Extracted records

___

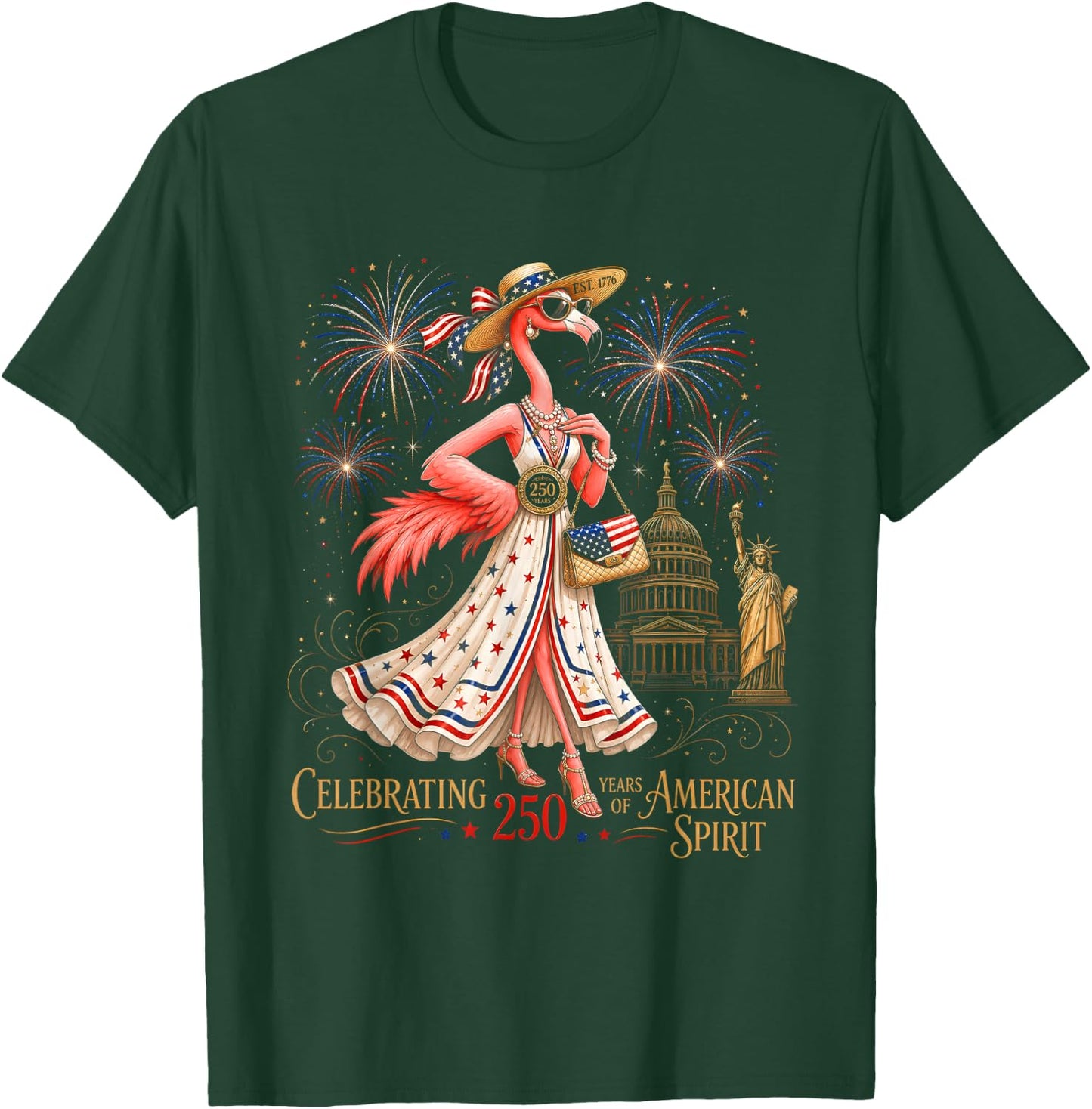 Patriotic Flamingo 250 Years Celebrating American Spirit T-Shirt - T-Shirt | Forest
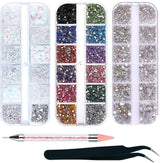4200 Stück Nail Art-Strasssteine, 36 Farben Glitzersteine, Nageldekorationssteine ​​für Nail Art-Zubehör und Strasssteine, klarer Kristall, mit Strass-Auswahlpinzette und Ritzstift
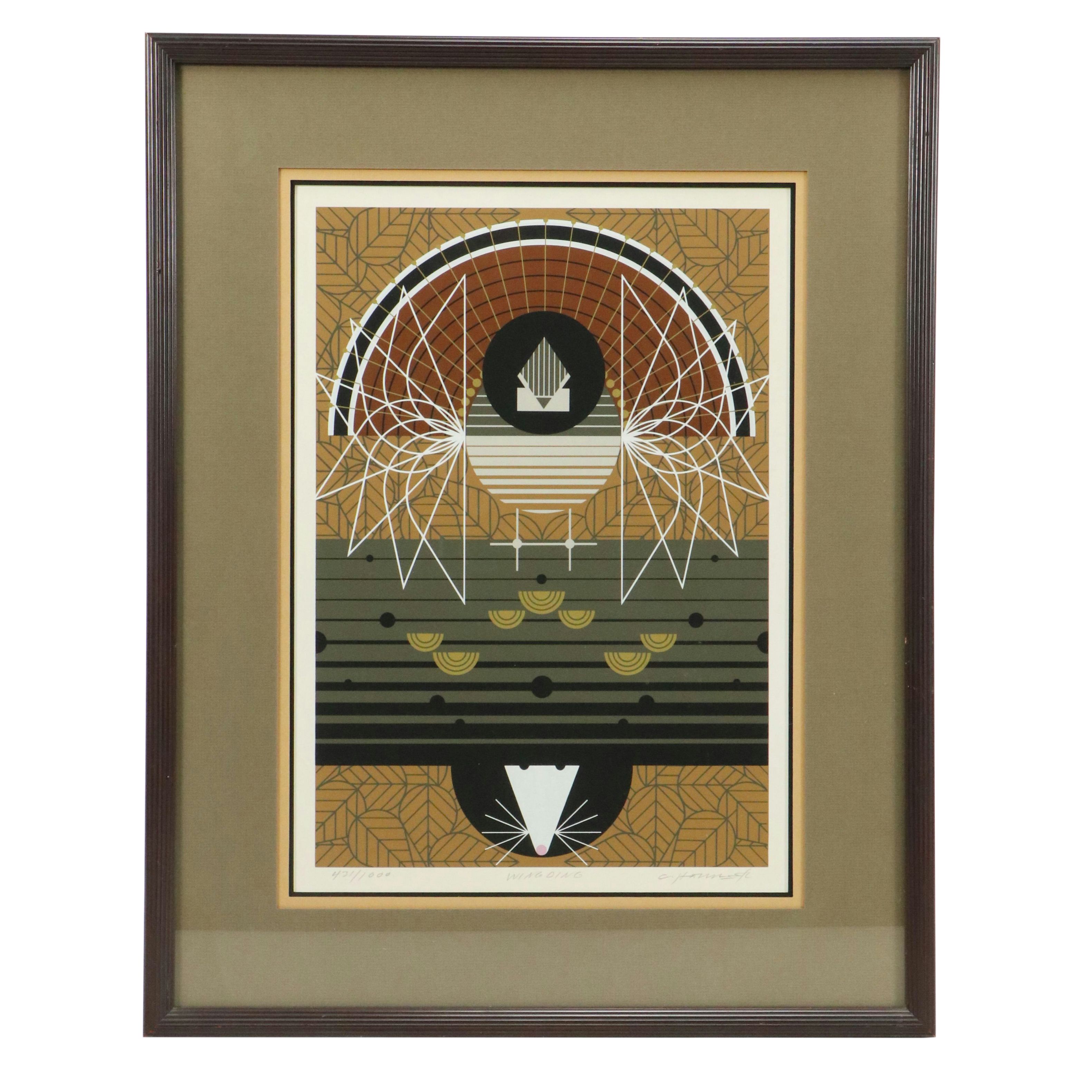 Charley Harper Limited Edition Serigraph Print "Wingding," 1985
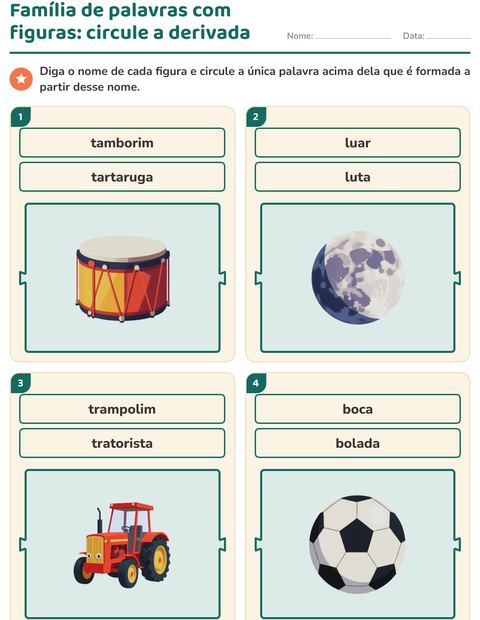 Pré-visualização da ficha de Família de palavras para 1º ano do ensino fundamental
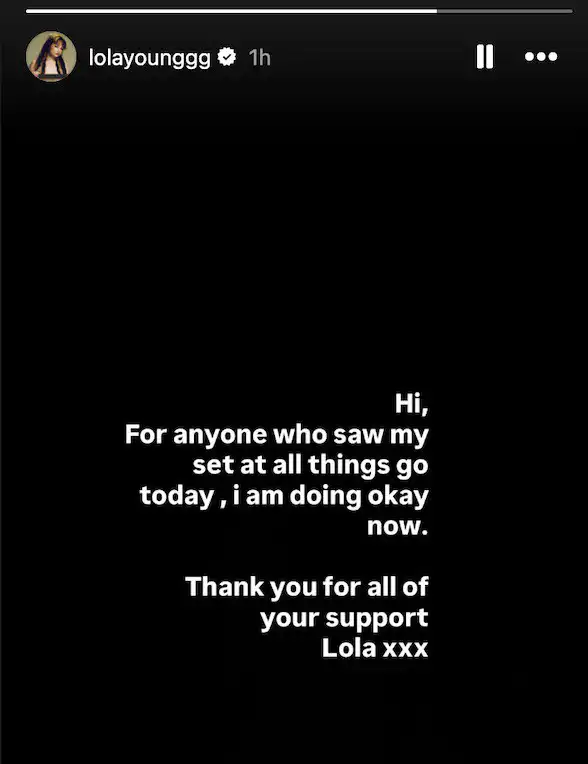 Lola Young Instagram Post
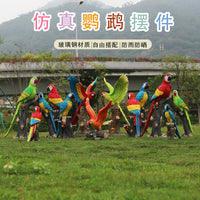 Outdoor Fiberglass Parrot Sculpture for Garden and Landscape Decoration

___

#### Your goal
Only the lines from the one containing "Charley Harper Limited" through the end of the records above should be retyped, exactly as they stand, with any pictures left out.

#### Exercise solution
 Charley Harper Limited Edition Serigraph Print "Wingding," 1985
 Pré-visualização da ficha de Família de palavras para 1º ano do ensino fundamental
 Lola Young Instagram Post
 Outdoor Fiberglass Parrot Sculpture for Garden and Landscape Decoration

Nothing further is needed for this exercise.